Share in the suffering?... No, as atheists, we don't share suffering.  We try to help alleviate suffering. Sharing suffering is akin to being a masochist and a sadist as the same time. God was a sadist with a masochistic tendency, most his life through the pages of the bible. Whether it's Easter, Christmas or the Equinox, we, atheists, do not share the glory of phantasmagoric illusions. Are people being sucked to the depth or idiocy by believing in this religious unreality?...  Of course. But then I cannot stop people believing that the earth is flat... It thus does not pain me to disagree with Mr Wright, the enlightened geezer who wrote far too many words to say Happy Easter,  for one second.

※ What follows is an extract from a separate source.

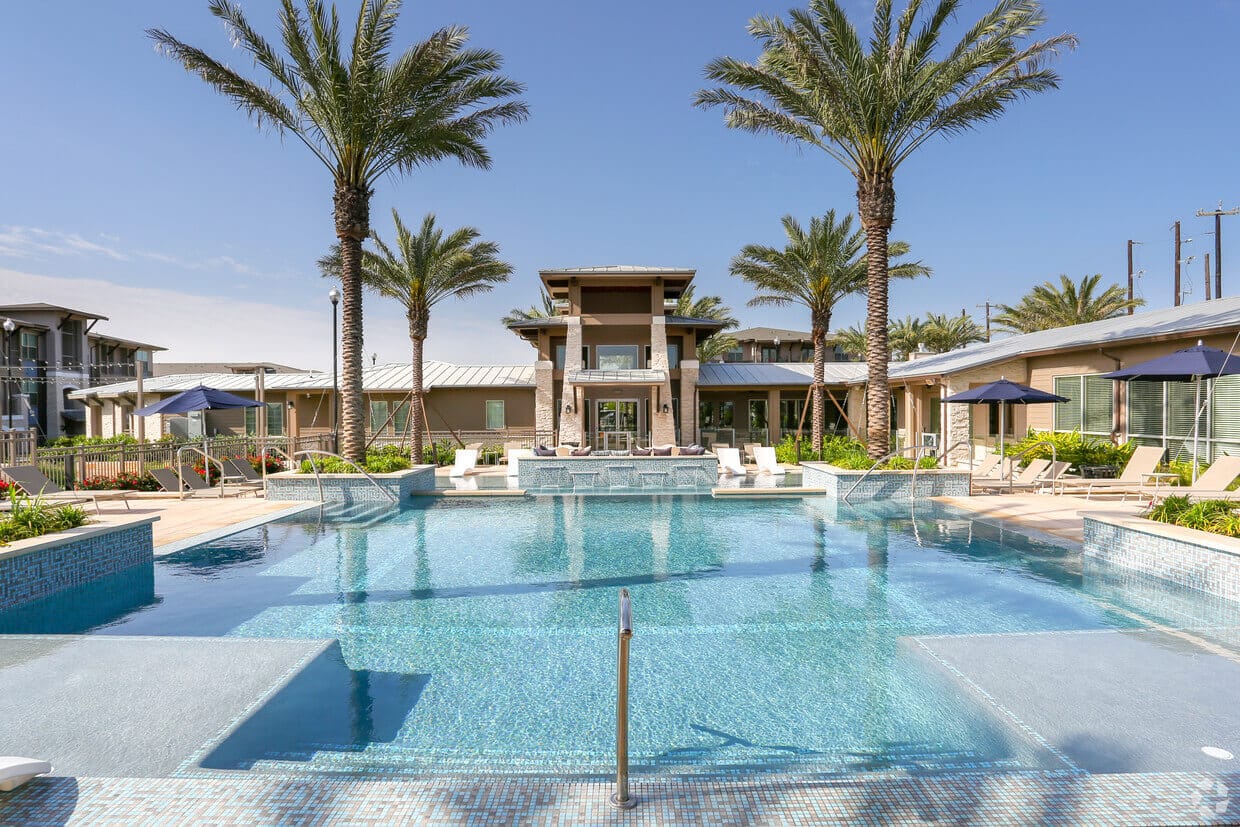 The pool area at Dalian 151, featuring a sparkling pool, lounge chairs, umbrellas, and lush landscaping, providing residents with a refreshing and relaxing outdoor retreat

Most of the right wing of the Liberal (CONservative) party in New South Wales are religious bigots and they "discreetly" interfere with the secularity of what should be... I would not be surprised if Bazza had enough of them and decided to forget the wine he should not have forgotten because he drank to forget to the point he forgot what he wanted to forget... 

Why would the crucifixion of someone relieve us of the original sin?... Makes sense? Totally if you never sinned and believe the story of Adam and Eve which of course, as every feminist know, was actually Eve and Adam... Everybody knows, as well, that He who is in the sky is actually a SHE...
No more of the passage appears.